I apologize if my example wasn’t clear. I agree with you that for purposes of transmission we are interested in a compression algorithm. Let me press, however, on the example a bit, because you are selling it short too early and the example remains instructive, even insightful, if we think through it all the way.
But just giving the instruction: “write the first 100 digits of pi” is not good, because the instruction does not have the true information to do what it requires.
I agree that the transmitted instruction does not have within itself the information to do what is required. But that is exactly my point. When we are dealing with a compression algorithm, the transmitted message never has the information to do what is required. It is always the case that we have some kind of protocol or code or pre-agreed-upon algorithm to unpack the transmission and recreate the original string. I can most certainly construct a compression algorithm that would recognize the first 100 digits of pi and then if it comes across that, transmit the instruction “write the first 100 digits of pi”. This is no different than transmitting a mathematical instruction to compute pi, which itself has to be understood and run at the other end.
On the other hand, the instruction “write 01 50 times” is a true compression (provided that the simple instructions are understood as part of the basic transmission code).

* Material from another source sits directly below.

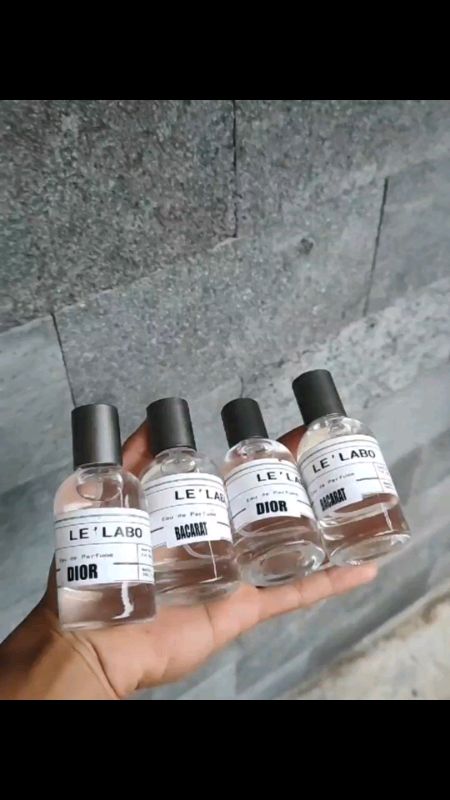 beli 1 dapat 4 guys buruan co dahh #ShopeeReview #parfumviral #GratisOngkirRP0 #ShopeeVideoCreator #Cashback50Persen #ViralDiShopeeVideo #ShopeeCOD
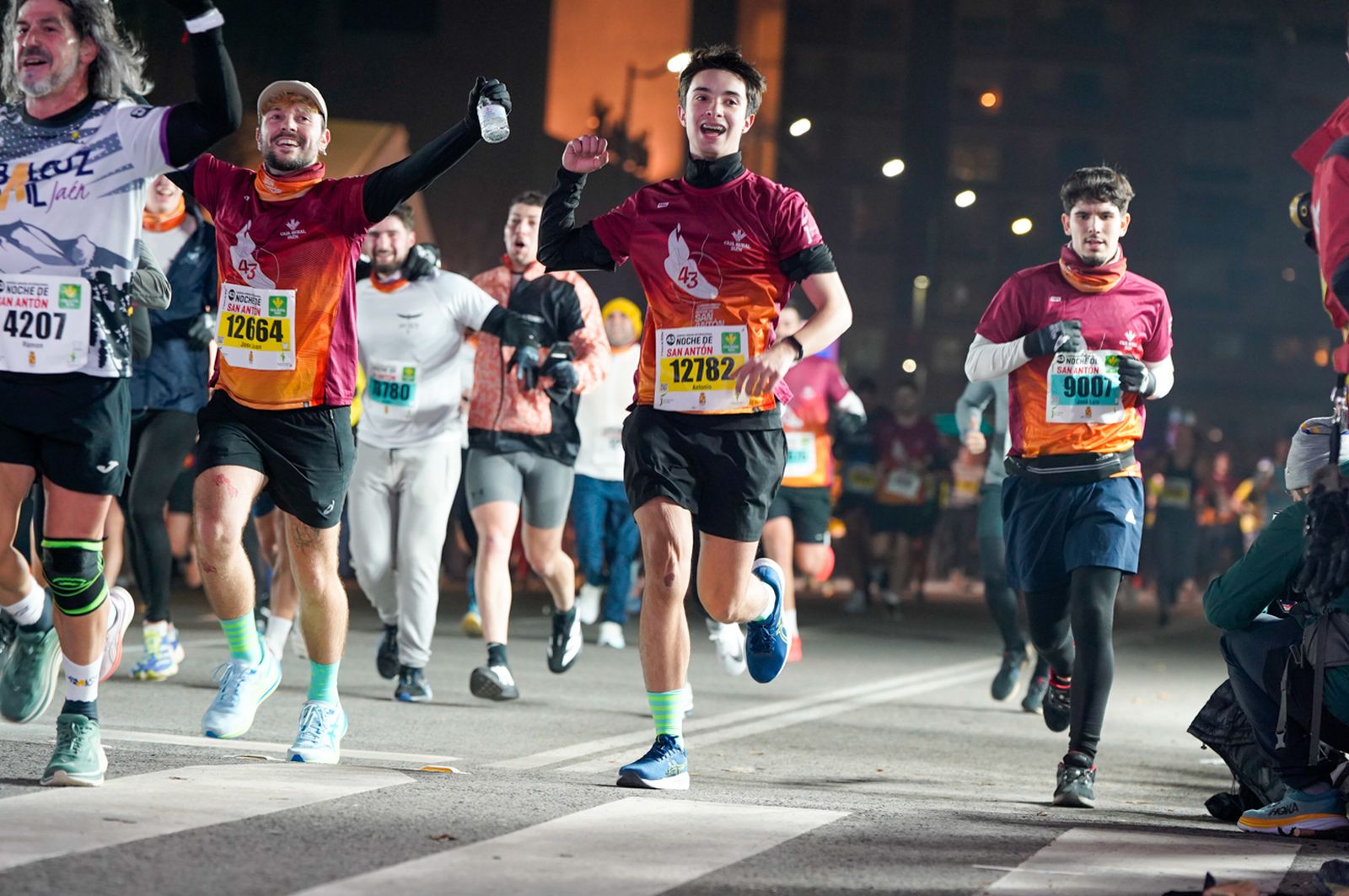 En imágenes: búscate en tu llegada a meta de la Carrera de San Antón 2026 (14)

Exactly. Having the instructions understood on the receiving end is always the issue. It is no different than my example of pi. I can compress and uncompress a string any way I want, as long as the instruction on both ends is understood. But there is no free lunch and whenever I transmit a compressed signal I have to also transmit the protocol or code or unpacking instruction (either contemporaneously or beforehand). The upshot of this fact which most people don’t recognize is this: For any reasonable-length message it typically takes more bandwidth to implement a code, compress the string, and transmit both of them than it would require to just transmit the uncompressed string in the first place. There is no inherent reduction in the quantity of what needs to be transmitted, just because I can think of ways to compress the string. Instead, the savings comes in when we have a very long message (e.g., a book versus a sentence) or when we do lots of transmissions over time. -----
Shannon’s theory is exactly about “reduction of uncertainty” and according to Shannon’s theory the values of entropy are different for different messages. That does not depend on external factors, but on intrinsic properties of the message sequence.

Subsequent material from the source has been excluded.